Brave. Courageous. Serial survivors of close calls. And more than anything else, humane.

Marie wore an eye patch to cover the loss of an eye to a grenade while trying to escape Tamil Tiger territory in northern Sri Lanka in 2001. Anthony was shot by an Israeli sniper in the West Bank in 2002. Last year he was among four Times journalists – Tyler as well – captured in Libya and abused for a week.

In Syria, too, the dangers are very real and help far away. The level of commitment now resembles the Kurdish uprising in northern Iraq in 1991.

In that conflict, one BBC television crew was murdered by their guide while trying to sneak across the border, and a young Newsweek photographer was executed by Iraqi troops.

Like Syria today, those of us who got inside Iraq then had little choice but to ride the ebb and flow of the uprising itself. After Saddam Hussein's tanks pummeled our positions and his helicopters flew overhead, rocketing their way toward a bloody victory, I had to join colleagues on a mountainous exodus amid 1 million fleeing Kurds.

The war reporter's dilemma

Having so little control of your fate in Syria presents a dilemma for those of us expected to cover it.

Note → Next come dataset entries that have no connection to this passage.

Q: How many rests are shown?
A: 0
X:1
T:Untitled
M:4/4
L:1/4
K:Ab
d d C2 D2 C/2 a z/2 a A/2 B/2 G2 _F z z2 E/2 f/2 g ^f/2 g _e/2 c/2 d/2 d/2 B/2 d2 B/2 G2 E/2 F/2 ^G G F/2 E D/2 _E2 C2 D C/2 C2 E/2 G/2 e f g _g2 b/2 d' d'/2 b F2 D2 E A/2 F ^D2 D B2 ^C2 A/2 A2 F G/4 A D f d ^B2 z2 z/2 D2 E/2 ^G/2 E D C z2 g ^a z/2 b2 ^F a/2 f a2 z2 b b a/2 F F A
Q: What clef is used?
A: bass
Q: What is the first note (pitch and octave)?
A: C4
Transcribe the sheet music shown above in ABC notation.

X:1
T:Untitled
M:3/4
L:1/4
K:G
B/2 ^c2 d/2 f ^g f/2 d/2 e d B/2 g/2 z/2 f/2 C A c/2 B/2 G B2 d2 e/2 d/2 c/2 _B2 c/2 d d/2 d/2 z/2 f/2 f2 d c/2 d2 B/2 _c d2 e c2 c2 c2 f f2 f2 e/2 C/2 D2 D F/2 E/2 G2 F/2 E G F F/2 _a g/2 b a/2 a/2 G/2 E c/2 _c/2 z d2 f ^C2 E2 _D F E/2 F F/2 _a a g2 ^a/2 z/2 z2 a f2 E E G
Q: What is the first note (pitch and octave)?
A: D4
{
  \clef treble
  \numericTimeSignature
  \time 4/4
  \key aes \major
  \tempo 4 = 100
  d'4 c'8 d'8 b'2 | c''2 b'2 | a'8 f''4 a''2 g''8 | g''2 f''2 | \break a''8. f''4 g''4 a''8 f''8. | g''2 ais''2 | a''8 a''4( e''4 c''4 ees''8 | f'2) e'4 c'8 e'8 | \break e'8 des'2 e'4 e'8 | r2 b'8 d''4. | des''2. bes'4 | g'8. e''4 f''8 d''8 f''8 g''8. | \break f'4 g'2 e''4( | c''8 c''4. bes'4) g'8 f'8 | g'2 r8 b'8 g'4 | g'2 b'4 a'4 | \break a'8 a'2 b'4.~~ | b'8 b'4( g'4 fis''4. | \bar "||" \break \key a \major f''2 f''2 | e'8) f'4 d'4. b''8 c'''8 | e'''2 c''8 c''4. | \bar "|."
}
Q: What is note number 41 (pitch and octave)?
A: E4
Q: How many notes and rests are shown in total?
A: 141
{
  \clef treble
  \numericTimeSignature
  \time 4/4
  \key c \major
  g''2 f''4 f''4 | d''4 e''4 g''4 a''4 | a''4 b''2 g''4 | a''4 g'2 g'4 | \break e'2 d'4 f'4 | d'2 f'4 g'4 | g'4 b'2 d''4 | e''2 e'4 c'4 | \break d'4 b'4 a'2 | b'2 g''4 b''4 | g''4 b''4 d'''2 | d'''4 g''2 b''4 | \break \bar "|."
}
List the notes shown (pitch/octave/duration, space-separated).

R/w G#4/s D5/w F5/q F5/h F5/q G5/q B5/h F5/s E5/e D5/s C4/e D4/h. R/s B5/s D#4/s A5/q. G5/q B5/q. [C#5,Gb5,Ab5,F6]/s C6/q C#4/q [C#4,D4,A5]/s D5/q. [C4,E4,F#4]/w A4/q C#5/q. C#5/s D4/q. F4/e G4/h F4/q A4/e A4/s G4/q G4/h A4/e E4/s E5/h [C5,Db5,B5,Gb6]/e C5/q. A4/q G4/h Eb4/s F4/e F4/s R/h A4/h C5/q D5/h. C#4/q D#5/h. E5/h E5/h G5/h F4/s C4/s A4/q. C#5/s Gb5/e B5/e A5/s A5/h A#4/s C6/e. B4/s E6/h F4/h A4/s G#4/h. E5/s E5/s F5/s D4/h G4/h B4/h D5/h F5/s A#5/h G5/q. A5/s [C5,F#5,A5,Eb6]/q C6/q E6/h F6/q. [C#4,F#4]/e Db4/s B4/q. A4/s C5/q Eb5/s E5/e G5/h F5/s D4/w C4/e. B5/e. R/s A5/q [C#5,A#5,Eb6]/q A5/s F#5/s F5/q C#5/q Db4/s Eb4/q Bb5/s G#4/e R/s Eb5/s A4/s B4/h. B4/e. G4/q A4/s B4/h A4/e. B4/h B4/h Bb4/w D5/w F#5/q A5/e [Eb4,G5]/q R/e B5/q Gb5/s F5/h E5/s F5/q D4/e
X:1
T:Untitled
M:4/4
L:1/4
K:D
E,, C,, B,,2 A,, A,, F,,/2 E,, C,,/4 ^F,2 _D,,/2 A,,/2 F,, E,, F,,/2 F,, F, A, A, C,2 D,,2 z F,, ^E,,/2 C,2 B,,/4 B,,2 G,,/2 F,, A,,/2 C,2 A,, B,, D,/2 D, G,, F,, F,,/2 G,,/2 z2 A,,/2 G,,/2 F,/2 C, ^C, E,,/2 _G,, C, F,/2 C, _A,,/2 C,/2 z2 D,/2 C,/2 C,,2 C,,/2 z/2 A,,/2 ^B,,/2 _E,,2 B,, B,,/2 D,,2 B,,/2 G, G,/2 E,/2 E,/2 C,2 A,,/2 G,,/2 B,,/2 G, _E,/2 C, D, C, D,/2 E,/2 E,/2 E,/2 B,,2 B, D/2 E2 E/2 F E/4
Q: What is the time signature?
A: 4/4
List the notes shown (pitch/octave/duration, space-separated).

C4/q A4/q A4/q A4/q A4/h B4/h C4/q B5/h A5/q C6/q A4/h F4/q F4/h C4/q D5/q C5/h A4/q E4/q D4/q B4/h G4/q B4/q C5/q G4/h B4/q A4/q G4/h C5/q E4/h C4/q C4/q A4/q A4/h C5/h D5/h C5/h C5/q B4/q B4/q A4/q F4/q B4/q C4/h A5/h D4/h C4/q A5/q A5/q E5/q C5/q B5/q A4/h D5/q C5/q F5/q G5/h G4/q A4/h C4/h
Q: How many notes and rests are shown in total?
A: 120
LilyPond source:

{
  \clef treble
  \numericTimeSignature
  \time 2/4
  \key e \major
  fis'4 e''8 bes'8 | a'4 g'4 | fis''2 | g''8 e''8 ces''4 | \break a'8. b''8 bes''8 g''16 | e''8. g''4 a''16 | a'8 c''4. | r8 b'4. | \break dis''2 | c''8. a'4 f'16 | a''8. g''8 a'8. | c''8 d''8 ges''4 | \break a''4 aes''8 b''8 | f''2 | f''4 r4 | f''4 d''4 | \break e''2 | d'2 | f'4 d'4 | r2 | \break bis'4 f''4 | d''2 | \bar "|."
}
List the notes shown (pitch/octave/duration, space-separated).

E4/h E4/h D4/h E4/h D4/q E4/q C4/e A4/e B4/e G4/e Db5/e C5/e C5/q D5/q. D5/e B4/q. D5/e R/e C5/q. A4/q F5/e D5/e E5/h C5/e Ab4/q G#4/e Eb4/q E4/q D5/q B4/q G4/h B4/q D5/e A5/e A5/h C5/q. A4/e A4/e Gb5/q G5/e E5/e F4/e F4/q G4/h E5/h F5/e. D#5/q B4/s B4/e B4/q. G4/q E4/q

Citizen journalists have mobilized in Syria like never before, providing unedited video and image streams from places that sometimes no outsider can get to. But the pressures to report from inside are immense and can be withering: Editors may push to match the reporting exploits of colleagues who are already there, or just to be the first. Often the strongest impulse to "get in" comes from within ourselves, aware as we are of the extraordinary human stories that would otherwise go untold.

Anthony, a father of two, said last year: "Often, editors will say no story is worth risking your life for. I don't believe that. I think there are stories worth taking risks for."

He explained his reasoning: "The way these wars have been happening in the region for so long, it produces a certain dehumanization. Such a remarkable amount of violence has been deployed in these places, so I think it is incumbent upon us as journalists to kind of recapture some of that humanity, those stories of individuals, of lives, whether they’re broken or not."

And yet, our hearts clenched and eyes burned at the Beirut memorial, when Anthony's father, Buddy Shadid, described, with voice-cracking grace, how his double Pulitzer Prize-winning son had failed him only once: "He died."

That result we often don't contemplate enough when we choose to enter events in which people can be killing and dying in the closest proximity, and where burning-hot shrapnel doesn't differentiate between the witness and the witnessed.

But still we go. And we will go on covering Syria, we vowed – to honor our fallen friends, and to ensure that the regime's attempts to erase coverage through violence will not succeed.